If anyone encounters an injured or distressed animal on any of our reserves, the following steps should be taken:
• Please note the exact location you observed it
• Please then inform us, either by going to visitor facilities on-site, or by calling 01904 659570
• If you cannot contact us, then please call the RSPCA on 0300 1234 999
• Please do not attempt to intervene as this can cause further stress and injury to the animal
We can then take the most appropriate action to address the problem. When on any nature reserve you should give animals plenty of space to avoid startling them, stick to designated paths, and if you do have a dog it should be kept on a lead at all times (many reserves operate strict ‘no dogs’ policies, but this is not always possible where rights of way pass through the reserve).
In common with other conservation bodies as well as farmers and other landowners, we use barbed wire to manage grazing animals on site. This is necessary for the safety of the animals, to ensure they do not enter other areas of the reserve, and for the public to keep them separate from animals that can be dangerous. For containing cattle, barbed wire or electric fences are the only suitable options for long-term management. You can learn more about our approach on stock fencing by downloading this document: Stock Fencing.
We use grazing animals as this is an effective way to maintain habitats on our reserves. In around 30 years of using similar fencing on reserves along the Humber, this is only the 6th reported incident we are aware of. However, that does not mean we cannot make improvements and we are always reviewing management on our reserves to ensure we are demonstrating best practice.
It appears from the photograph that the animal has caught its leg between double strands of barbed wire; this is usually a sign that an animal has been startled and had to make a jump from a standing start resulting in not gaining enough height to clear the fence.

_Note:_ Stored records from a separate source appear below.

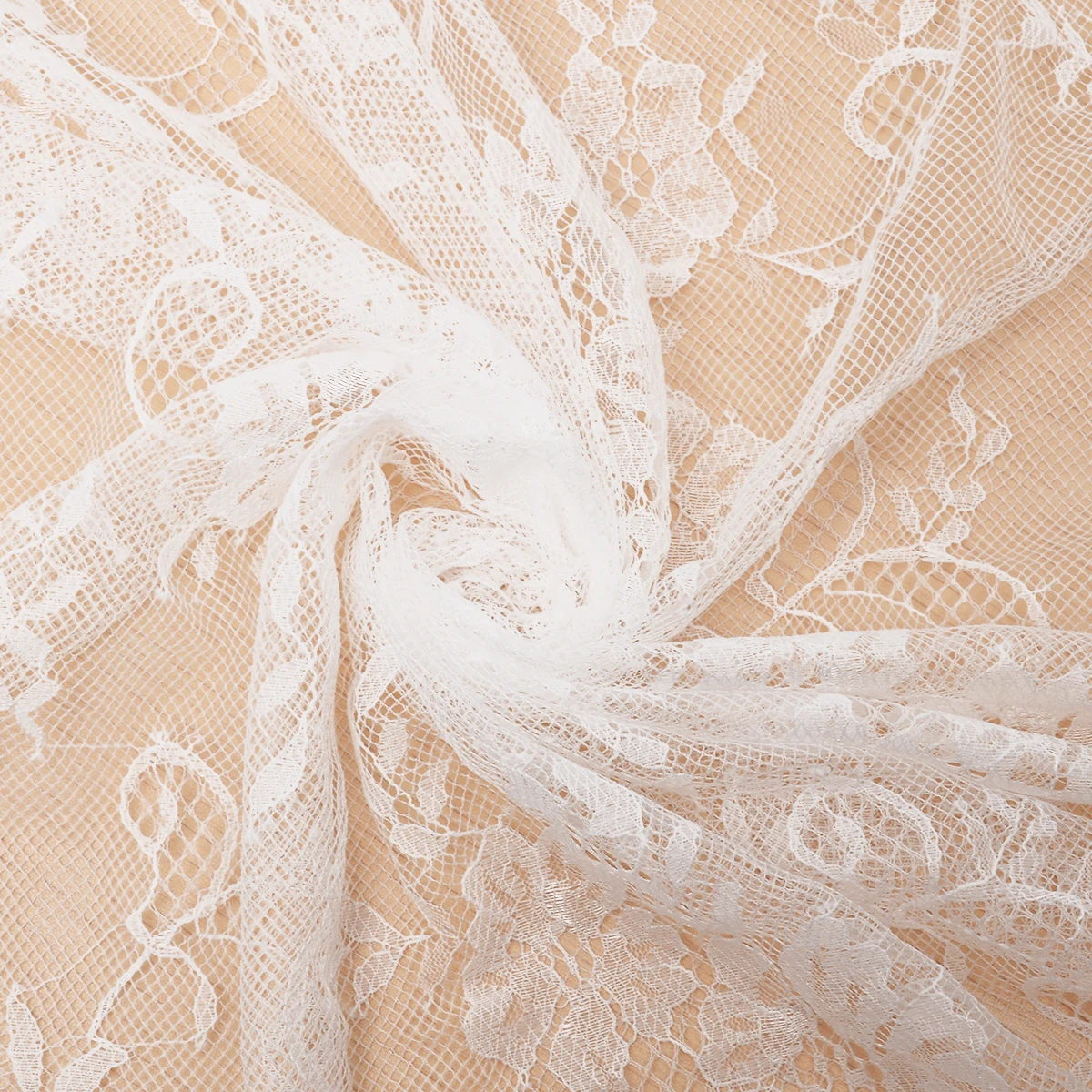 Элегантная белая кружевная скатерть атласная Скатерть льняная текстильное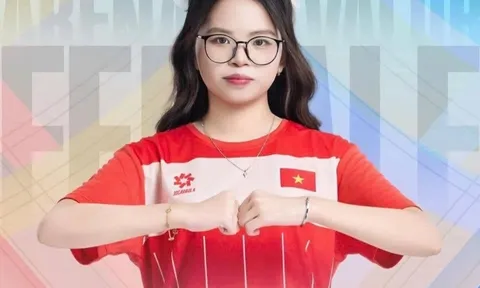 Đại học thưởng hơn 100 triệu đồng cho sinh viên đoạt Huy chương Vàng SEA Games 0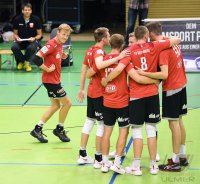 Volleyball 3. Liga Sued Maenner 2021/2022: TV Rottenburg  - TV Buehl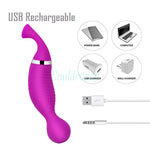 Blowjob Clitoris Sucker Vibrator 12 Speed Powerful Vibrator Sex Toys for Woman Clitoris Erotic Goods Sex Shop - sextoysok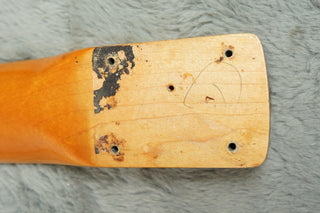 Very early 1962 Fender Jaguar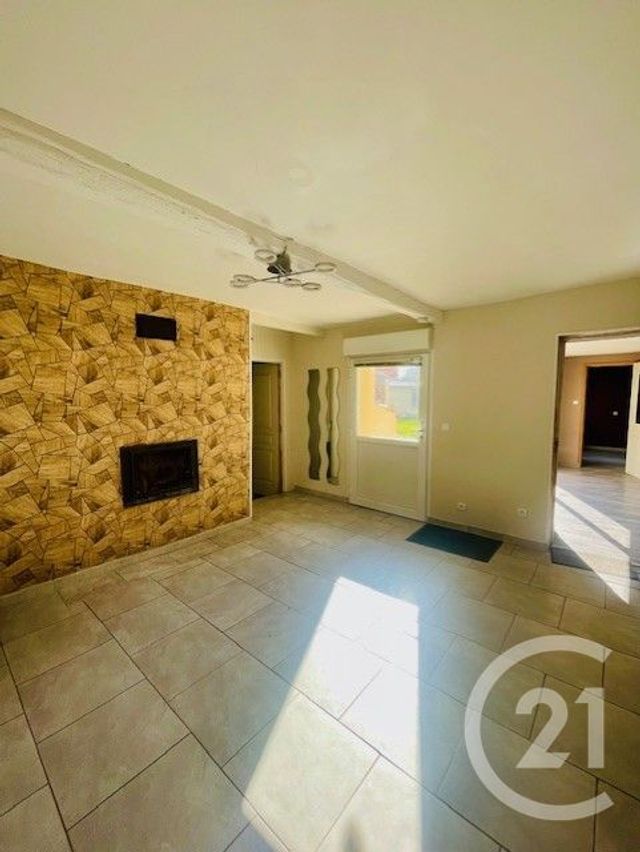 Maison &agrave; vendre - 6 pi&egrave;ces - 111 m2 - Lignieres Les Roye - 80 - PICARDIE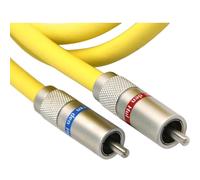 Van den Hul 3T The Valley RCA 1,2 m - Cable de audio analógico RCA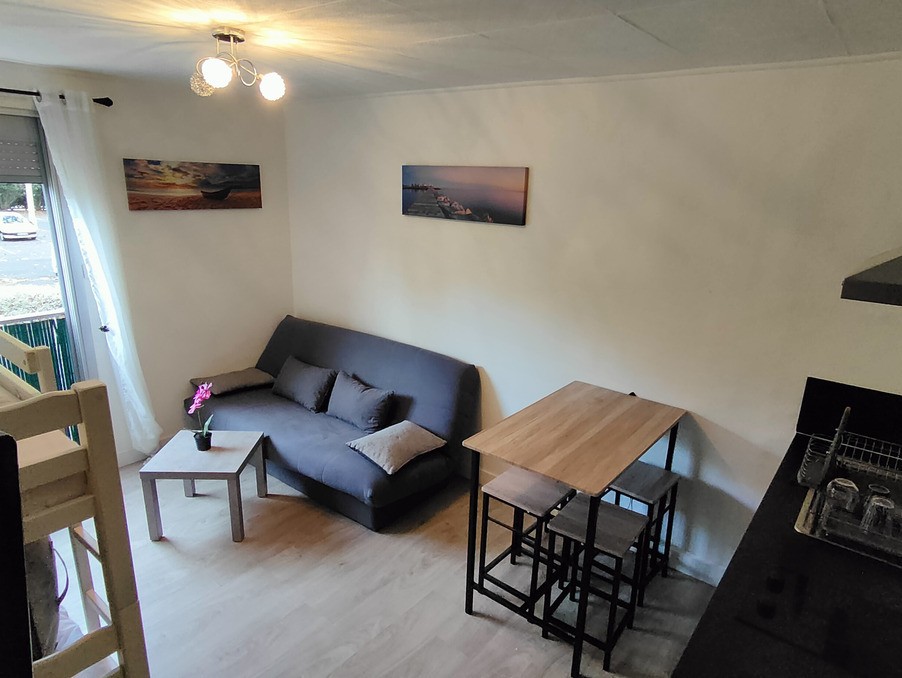 Vente Appartement à Agde 1 pièce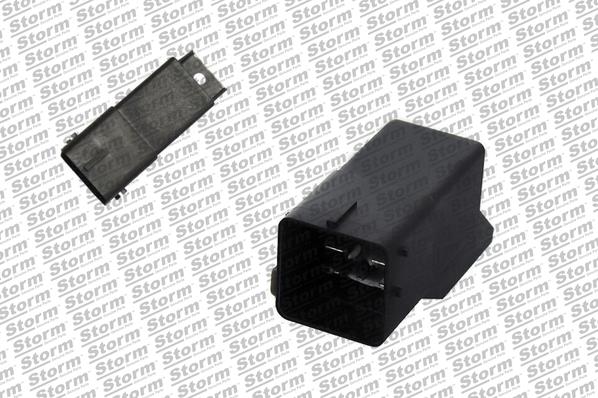 Calculateur, temps de préchauffage STORM QUALITY PARTS 700901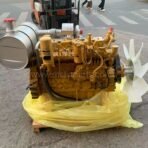 Heavy-duty remanufactured 3066 engine replacement for Caterpillar excavators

As a result of this incident we will be removing double stranded barbed wire in areas where we are not using, or intending to use, grazing cattle. We will also look to move to single strands of either plain or barbed wire where appropriate; this will help to prevent an animal getting its leg caught in this way. We will also investigate the possibility of setting up deer passes in areas we know they use preferentially. These steps should further reduce the risk of future incidents.